Virginie est infirmière à l’hôpital de la Pitié-Salpêtrière, à Paris. Lors de la première vague de Covid-19, une de ses collègues a dormi dans sa voiture pendant plusieurs semaines pour être opérationnelle le plus rapidement possible auprès des patients. Depuis, écœurée par le manque de considération à l’égard de la profession, elle a remisé sa blouse blanche au vestiaire pour partir vers d’autres horizons.

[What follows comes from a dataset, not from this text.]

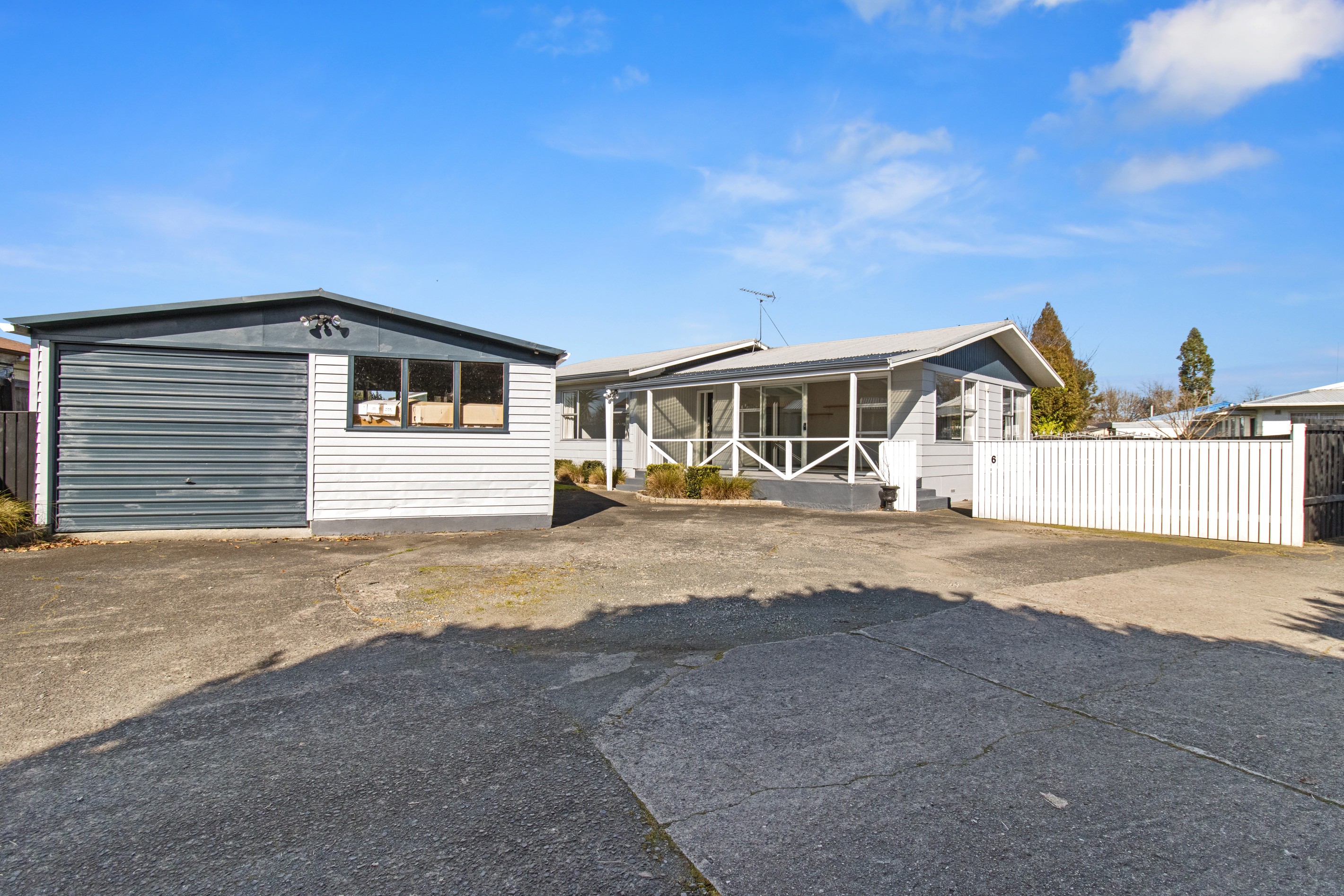 6 Oakfield Crescent, Pukete, Hamilton City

En colère, les travailleurs sociaux le sont aussi. Ils étaient des milliers, le 7 décembre dernier, à crier leur ras-le-bol à travers toute la France. Le 11 janvier, professionnels du sanitaire, du social et du médico-social se sont retrouvés pour battre le pavé. Les primes du Ségur, concédées aux uns et pas aux autres, n’ont pas suffi à calmer les esprits. D’un côté et de l’autre, les revendications restent inchangées : redonner du sens à leur métier et pouvoir continuer à l’exercer dignement.
Bien qu’exacerbés par la crise sanitaire, ces mouvements n’ont rien de nouveau. La casse de l’hôpital public a commencé voici plus de vingt ans et les soignants sont régulièrement descendus dans la rue pour exprimer leur désarroi. L’exaspération des professionnels de l’action sociale est également récurrente, mais elle s’amplifie.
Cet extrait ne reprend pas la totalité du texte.